好調の要因の1つに環境の変化をあげ、昨年11月の結婚発表後は「対局の時だけ将棋をしている状態だった」。棋士養成機関・奨励会に入った中学2年生以降は常に生活の中心に将棋があり「どこか罪悪感があった」というが、今回は盤や研究用のパソコンから離れる“休養”を選択。ゲームやマンガなど娯楽を楽しんだ。
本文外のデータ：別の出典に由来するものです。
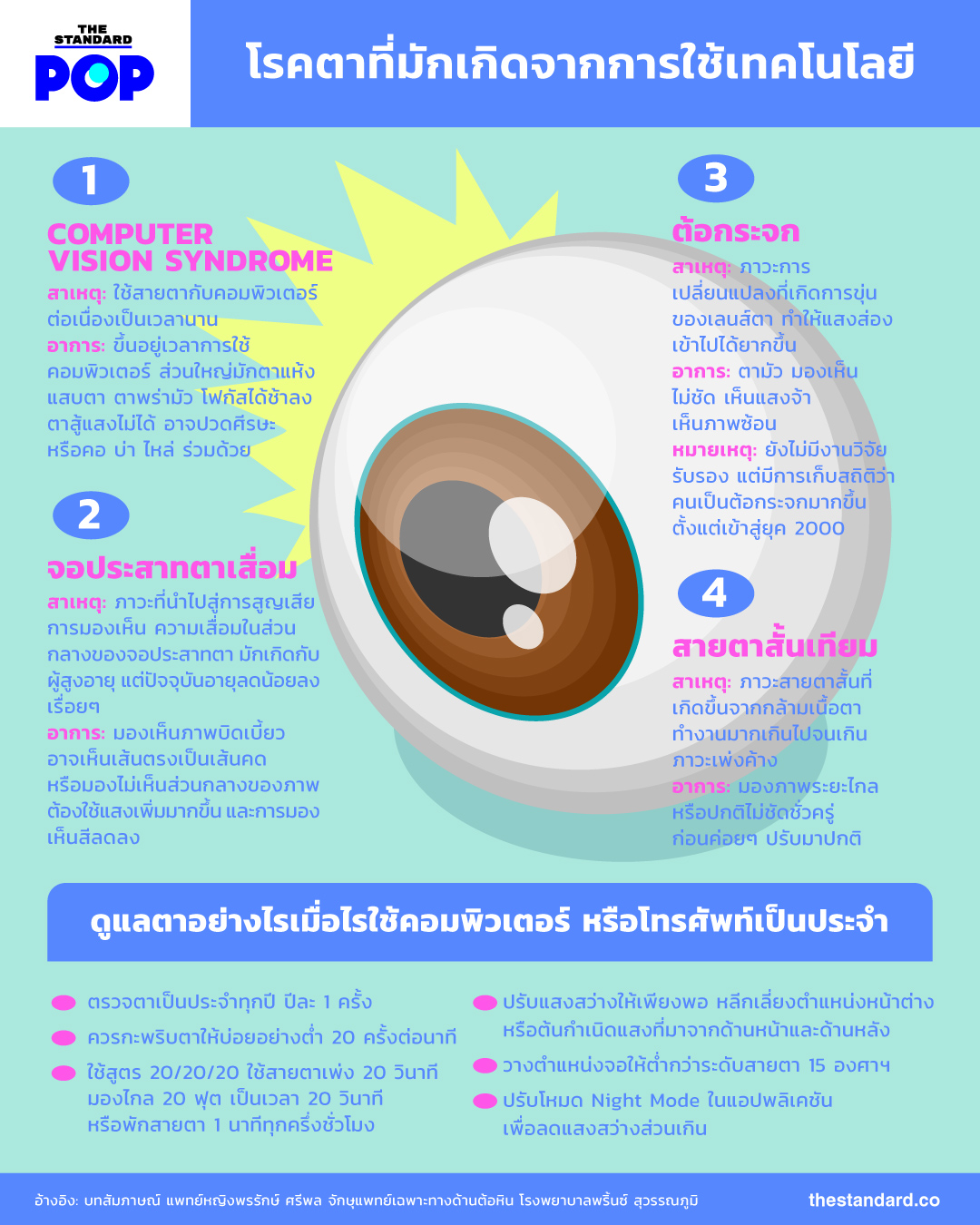 การดูแลรักษาดวงตา อินโฟกราฟฟิก infographic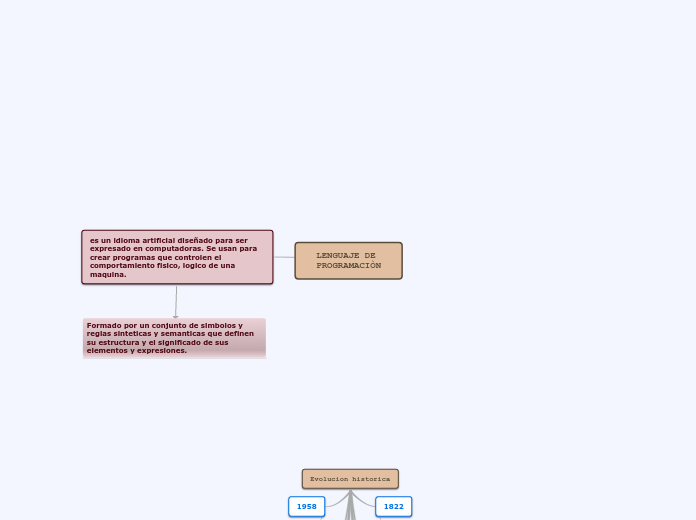 LENGUAJE DE PROGRAMACIÒN - Mapa Mental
 直近の女流棋戦では10戦9勝と強さを見せる西山は「将棋の内容は落ちたけど、気持ちよく盤に向かえていた」と変化を語った。12日には女流王位戦挑戦者決定リーグが控え、その後も対局は続く。それでも「対局のペースが2月は速いけど、あまり意識しないようにしている。割とゆったりすごして、対局が近くなったら準備していきたい」。西山が新たに見つけたスタイルでこれからも進んでいく。(中西 珠友)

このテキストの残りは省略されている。